Küçük Sinem'in kliniğe ilk getirildiğinde bütün yüzünün yanık nebdeleriyle dolu olduğunu anlatan Topalan, sözlerine şöyle devam etti: "Sinem'in kafa derisinin tamamına yakını yanmıştı ve saçsızdı. Bu görünüm olarak kendi içinde de pekçok sorunu barındırıyor. Toplum içine rahat çıkabilecek durumda değildi. Çocuklarda bu durum çok önem kazanıyor çünkü çocuklar düşünce ve duygularını çok rahat açığa çıkarıp yansıtabiliyor. Bu biraz acımasızca kabul edilebilir. Bir çocuk için yaşam anlamında çok zor bir durum. Yardımsız olamayacak bir durumdan toplum içine rahatlıkla çıkabileceği bir duruma gelmesi. Bütün hedefimiz bu. Çünkü orijinal yapının yüz derisinin veya yüzünün yapısının kaybedilmesi yerine ikinci bir orijinalinin getirilebilmesi imkansız. Bizim yaptığımız da asla mükemmel değil; mutlaka ilave ameliyatlar, revizyonlar gerektiriyor. Bu kızımızda da böyle oldu. Çok büyük ameliyatların ardından önce bu yapının oluşturulup taşınması ondan sonra da daha iyi sonuç elde edebilmek için çok sayıda ameliyat gerektirdi. Elde etmeye çalıştığımız o insanı toplum içinde rahatsız olmadan dolaşabilecek bir hale getirerek topluma ve yaşama iade edebilmek."

Ameliyat ve sonrası yoğun bakımın çok uzun süreli bir tedavi süresini kapsadığını ifade eden Topalan, sözlerini şöyle sürdürdü: "Kayıtlara baktığımızda Haziran 2005 tarihinde Sinem'in ilk ameliyatını yapmışız. Bunun öncesinde planlanması, hazırlanması pek çok detayın tamamlanması yine 5-6 aylık bir periyodu içeriyor. Oluşturulan derinin ikinci bir ameliyatla yüze transferi 2006 yılının Mart ayında olmuş. Asıl büyük ameliyat bu. Ondan sonra bu zamana kadar geçen dönem nekahet dönemi. Çocuğun kendini toparlaması, büyümesi ihtiyaçlarının daha iyi belirlenmesi anlamında önemli. Fakat hala hazır olmadığını söyleyebilirim. Şimdi hedefimiz birkaç küçük revizyon ameliyatı ve biraz kamuflajla tahminen 3- 6 ay gibi bir sürede Sinem'i kamuoyunun karşısına çıkarabilmek."

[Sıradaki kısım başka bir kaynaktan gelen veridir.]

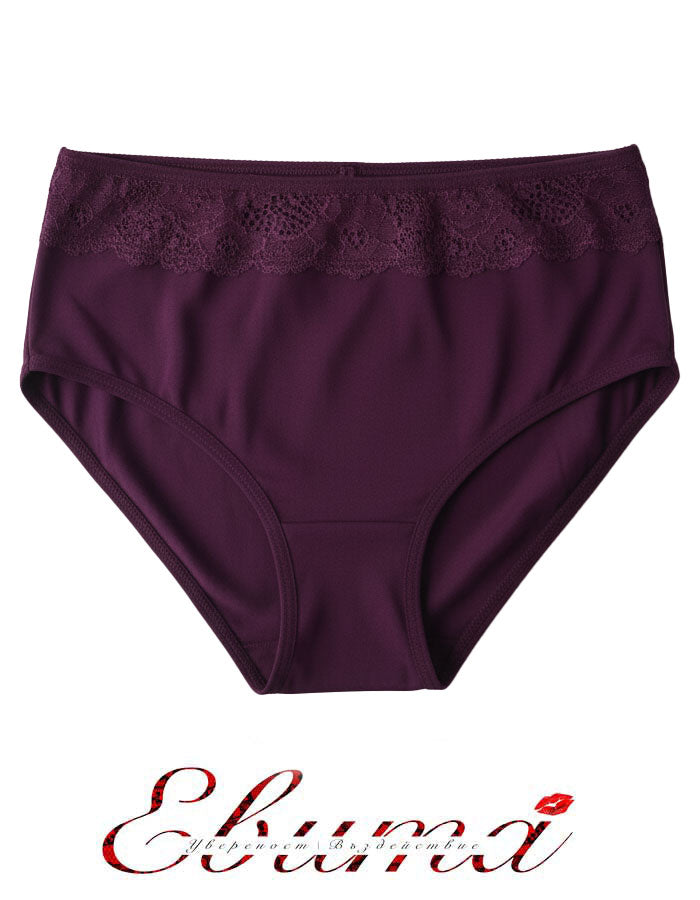 Ежедневната памучна бикина, която задължително трябва да присъства в гардерова ти.&nbsp;
Тя е с удобна дълбочина за максимален комфорт на носене.
Ластикът, с който е обточена на крачолите и талията е мек и еластичен двойно прегънат, за да не дразни кожата.&nbsp;
Той е подходящ за ползване при памучно бельо.
Дантелата, която е положена върху памучния детайл отпред придава завършен и естетичен вид, за да не е поредния обикновен.&nbsp;
Памукът, който ползваме е нишка 40*1, което е еднослойно тъкана, което прид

Sinem'in ayda bir kere kendisine kontrole geldiğini ve bazen de ziyaret amaçlı yanına uğradığını belirten Topalan, Sinem'in psikolojik durumunun eskisinden daha iyi bir durumda olduğunu söyledi. Sonuçta karşımızda bir çocuk olduğunu belirten Topalan, sözlerini şöyle tamamladı: "Şekli, görüntüsü ne olursa olsun çocuk ve çocuk gibi davranıyor, oyunlar oynuyor. Eski halinden daha mutlu. En azından gözü, ağzı, burnu, görüntüsü anlamında daha rahat, toplum tarafından daha kabul edilebilir durumda. Ama dediğim gibi tam hazır hale gelebilmesi için birkaç revizyon ameliyatı ve belirli bir dönemin geçmesi lazım. Ondan sonra hedefimize ulaşabilmiş olacağız."